Comune vuol dire che i beni appartengono alle comunità,
ai cittadini tutti, non ad una ristretta consorteria che può disporne a
piacimento. Siamo arrivati al punto che amministratori di beni pubblici di
vario livello mettono in vendita palazzi storici, intere isole, contenitori
dismessi, ospedali, caserme, o accordano generose concessioni, o avallano
ghiotte rendite di posizione, come se fossero di loro personale proprietà,
senza dover rendere conto a chicchessia, e senza che giuristi e diritto
intervengano a difendere le comunità da queste usurpazioni e oscene spoliazioni.

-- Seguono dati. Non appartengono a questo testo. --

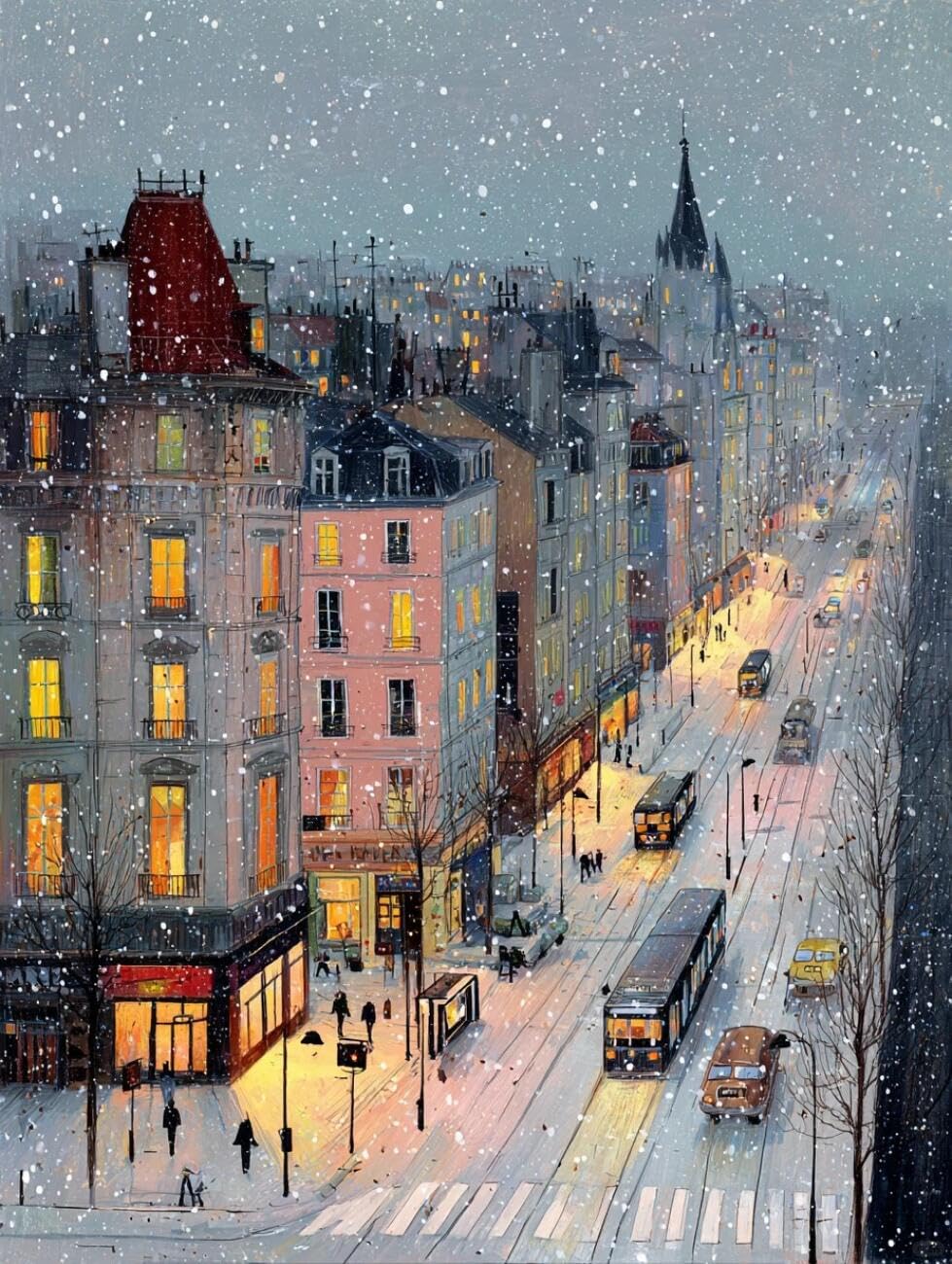 Henypt Cross Stitch Kit City in the Snow Landscape DIY Embroidery Kit for Beginners The Elderly with Accessories Handmade DIY/Gifts 14CT 40x50cm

Potrei dare forza alla mia allocuzione dicendo che dove non c’è opposizione c’è
corruzione, e ribadire così l’obbligo della vigilanza attiva. E stigmatizzare
con questo mio aforisma quanti “pretendono un mondo migliore, ma non muovono un
dito perché lo diventi”. Potrebbe bastare questo, ed omettere che Firenze resta
una delle città dove ho più a lungo soggiornato. Che l’ho esplorata in ogni
anfratto, che vi ho ambientato una parte significativa di un romanzo. Che sono
stato amico di uno dei suoi più innamorati cantori, lo scrittore Vasco
Pratolini, amico di Cassola, con cui fondammo proprio a Firenze, al Circolo
Rosselli, la Lega per il Disarmo. Che al Caffè delle Giubbe Rosse mi sono
recato spesso per incontrare amici letterati e ascoltare i versi di poeti. Che
le colline di Firenze sono state la Casa della poesia di Alberto Caramella
frequentata anche da Mario Luzi; che Firenze è il Gabinetto Vieusseux di cui ho
scritto, è il critico ed ispanista Oreste Macrì collaboratore della nostra
“Microprovincia”, è il Premio Fiesole che mi è stato attribuito, è la presentazione
di alcuni libri, è l’accoglienza di persone ospitali che non ho dimenticato, e
tanto, tanto altro ancora. Dunque, io sto con Firenze e la sua salvaguardia.
Fino alla vittoria di questa battaglia e di quelle che verranno.